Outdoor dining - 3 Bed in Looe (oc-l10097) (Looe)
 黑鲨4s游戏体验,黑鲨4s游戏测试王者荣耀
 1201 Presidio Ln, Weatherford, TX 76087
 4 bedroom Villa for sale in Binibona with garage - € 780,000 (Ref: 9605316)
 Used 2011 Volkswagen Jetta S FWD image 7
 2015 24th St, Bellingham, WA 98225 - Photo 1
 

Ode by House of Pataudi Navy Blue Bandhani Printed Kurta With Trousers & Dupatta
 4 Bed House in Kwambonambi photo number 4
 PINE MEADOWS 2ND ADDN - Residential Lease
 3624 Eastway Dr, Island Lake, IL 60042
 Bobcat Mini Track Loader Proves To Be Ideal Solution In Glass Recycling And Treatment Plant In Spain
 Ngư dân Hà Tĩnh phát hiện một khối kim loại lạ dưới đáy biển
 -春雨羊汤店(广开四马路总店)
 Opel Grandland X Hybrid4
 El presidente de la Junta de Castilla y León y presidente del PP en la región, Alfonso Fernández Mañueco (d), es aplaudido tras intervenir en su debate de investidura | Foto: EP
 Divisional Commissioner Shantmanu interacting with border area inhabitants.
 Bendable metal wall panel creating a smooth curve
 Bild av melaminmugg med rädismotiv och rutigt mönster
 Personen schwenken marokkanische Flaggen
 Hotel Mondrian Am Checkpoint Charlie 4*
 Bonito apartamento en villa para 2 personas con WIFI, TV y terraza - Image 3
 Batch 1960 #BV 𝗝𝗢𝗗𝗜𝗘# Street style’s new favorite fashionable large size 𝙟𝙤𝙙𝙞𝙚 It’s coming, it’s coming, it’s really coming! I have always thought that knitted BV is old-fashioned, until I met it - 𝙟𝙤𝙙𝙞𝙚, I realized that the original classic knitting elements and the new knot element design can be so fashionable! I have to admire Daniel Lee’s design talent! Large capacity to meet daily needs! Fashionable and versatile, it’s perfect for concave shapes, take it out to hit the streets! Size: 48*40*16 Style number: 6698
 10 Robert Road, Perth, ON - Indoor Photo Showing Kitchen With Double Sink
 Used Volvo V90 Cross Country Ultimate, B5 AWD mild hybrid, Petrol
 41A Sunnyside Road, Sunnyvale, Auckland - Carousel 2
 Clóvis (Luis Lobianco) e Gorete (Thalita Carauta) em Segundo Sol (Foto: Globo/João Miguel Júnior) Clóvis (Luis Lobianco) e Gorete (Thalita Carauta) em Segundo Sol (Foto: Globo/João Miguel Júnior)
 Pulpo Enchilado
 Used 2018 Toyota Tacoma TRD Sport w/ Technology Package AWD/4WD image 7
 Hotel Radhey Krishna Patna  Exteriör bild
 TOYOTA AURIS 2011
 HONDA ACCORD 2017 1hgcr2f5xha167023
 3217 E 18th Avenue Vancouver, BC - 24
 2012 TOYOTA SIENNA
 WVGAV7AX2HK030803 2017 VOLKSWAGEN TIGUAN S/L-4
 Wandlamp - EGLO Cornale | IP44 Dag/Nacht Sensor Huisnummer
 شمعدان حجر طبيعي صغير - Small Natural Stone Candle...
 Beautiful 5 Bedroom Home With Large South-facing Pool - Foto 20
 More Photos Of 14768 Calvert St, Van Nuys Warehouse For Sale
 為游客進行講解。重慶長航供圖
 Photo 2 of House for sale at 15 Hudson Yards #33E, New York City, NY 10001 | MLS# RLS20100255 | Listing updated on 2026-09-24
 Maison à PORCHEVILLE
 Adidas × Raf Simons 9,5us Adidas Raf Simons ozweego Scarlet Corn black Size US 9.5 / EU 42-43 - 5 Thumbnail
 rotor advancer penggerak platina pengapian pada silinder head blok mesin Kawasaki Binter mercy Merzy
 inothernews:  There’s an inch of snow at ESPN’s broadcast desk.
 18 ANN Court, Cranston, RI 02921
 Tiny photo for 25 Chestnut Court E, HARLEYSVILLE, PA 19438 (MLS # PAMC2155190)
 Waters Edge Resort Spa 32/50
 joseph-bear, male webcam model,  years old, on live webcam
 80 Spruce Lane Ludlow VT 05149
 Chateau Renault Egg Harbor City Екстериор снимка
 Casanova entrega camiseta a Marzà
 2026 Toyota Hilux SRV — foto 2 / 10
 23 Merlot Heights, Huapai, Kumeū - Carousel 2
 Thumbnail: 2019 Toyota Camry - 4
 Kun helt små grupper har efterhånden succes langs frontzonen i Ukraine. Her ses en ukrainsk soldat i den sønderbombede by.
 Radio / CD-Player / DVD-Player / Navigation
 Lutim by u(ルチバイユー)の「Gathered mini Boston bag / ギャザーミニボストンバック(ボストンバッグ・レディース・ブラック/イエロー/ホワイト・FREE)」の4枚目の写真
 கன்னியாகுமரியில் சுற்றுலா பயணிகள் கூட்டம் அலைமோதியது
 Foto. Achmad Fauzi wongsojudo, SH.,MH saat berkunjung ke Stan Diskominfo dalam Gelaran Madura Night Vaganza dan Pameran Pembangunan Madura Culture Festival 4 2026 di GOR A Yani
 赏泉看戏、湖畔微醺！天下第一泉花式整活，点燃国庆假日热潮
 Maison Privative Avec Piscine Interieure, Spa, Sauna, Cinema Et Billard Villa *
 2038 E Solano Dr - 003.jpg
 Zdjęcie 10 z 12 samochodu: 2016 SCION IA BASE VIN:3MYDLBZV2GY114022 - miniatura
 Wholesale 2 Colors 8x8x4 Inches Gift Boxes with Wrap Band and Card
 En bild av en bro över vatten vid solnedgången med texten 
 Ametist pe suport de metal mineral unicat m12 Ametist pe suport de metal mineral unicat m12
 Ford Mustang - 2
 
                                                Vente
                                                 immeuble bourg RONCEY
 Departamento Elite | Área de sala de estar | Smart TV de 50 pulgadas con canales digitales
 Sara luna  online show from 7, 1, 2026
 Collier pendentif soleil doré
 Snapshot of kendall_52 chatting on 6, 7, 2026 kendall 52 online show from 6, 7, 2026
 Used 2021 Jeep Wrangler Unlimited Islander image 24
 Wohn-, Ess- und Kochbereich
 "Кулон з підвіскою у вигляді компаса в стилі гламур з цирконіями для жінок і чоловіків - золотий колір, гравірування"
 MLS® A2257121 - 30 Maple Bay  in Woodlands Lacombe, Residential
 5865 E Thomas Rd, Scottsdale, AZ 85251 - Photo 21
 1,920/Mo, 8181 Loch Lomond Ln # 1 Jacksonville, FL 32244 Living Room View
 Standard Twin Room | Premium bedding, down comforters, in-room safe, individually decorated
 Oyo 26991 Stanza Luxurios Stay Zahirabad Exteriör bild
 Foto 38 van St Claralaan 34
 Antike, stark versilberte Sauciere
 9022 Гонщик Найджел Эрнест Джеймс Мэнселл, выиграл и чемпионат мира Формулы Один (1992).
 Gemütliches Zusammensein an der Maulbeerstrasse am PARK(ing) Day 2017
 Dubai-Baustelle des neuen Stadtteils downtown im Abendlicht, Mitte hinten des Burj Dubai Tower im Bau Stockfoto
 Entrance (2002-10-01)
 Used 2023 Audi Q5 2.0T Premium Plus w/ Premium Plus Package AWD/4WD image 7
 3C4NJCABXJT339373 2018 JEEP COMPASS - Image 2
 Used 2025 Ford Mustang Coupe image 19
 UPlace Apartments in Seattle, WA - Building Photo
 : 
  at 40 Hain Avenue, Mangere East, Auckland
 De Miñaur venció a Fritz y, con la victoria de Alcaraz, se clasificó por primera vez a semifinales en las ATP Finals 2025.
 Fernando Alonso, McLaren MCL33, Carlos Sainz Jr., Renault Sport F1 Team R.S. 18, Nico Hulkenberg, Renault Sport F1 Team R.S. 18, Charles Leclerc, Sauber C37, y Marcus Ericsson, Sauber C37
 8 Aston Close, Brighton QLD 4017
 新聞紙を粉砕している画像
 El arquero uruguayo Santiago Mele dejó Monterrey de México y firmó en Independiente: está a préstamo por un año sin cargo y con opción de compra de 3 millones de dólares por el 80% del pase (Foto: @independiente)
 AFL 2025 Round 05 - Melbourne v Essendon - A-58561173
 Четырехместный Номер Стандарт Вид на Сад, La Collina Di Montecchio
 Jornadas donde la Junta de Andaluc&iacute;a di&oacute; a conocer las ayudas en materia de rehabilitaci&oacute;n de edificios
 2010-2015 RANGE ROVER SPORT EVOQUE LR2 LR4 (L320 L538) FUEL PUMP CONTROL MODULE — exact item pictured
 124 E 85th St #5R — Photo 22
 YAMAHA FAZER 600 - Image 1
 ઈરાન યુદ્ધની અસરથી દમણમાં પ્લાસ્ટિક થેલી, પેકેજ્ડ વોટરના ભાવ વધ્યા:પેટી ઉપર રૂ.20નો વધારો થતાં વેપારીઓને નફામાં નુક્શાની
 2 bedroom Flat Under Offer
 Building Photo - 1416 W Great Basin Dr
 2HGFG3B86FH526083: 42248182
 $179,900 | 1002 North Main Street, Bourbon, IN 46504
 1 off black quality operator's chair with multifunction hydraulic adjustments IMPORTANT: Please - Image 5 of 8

▸ Work item: Could you repeat exactly the lines above from the line with "Adidas × Raf" up to and including the line with "2026 Toyota Hilux SRV — foto 2 / 10", and only those?

▸ Task result:
 Adidas × Raf Simons 9,5us Adidas Raf Simons ozweego Scarlet Corn black Size US 9.5 / EU 42-43 - 5 Thumbnail
 rotor advancer penggerak platina pengapian pada silinder head blok mesin Kawasaki Binter mercy Merzy
 inothernews:  There’s an inch of snow at ESPN’s broadcast desk.
 18 ANN Court, Cranston, RI 02921
 Tiny photo for 25 Chestnut Court E, HARLEYSVILLE, PA 19438 (MLS # PAMC2155190)
 Waters Edge Resort Spa 32/50
 joseph-bear, male webcam model,  years old, on live webcam
 80 Spruce Lane Ludlow VT 05149
 Chateau Renault Egg Harbor City Екстериор снимка
 Casanova entrega camiseta a Marzà
 2026 Toyota Hilux SRV — foto 2 / 10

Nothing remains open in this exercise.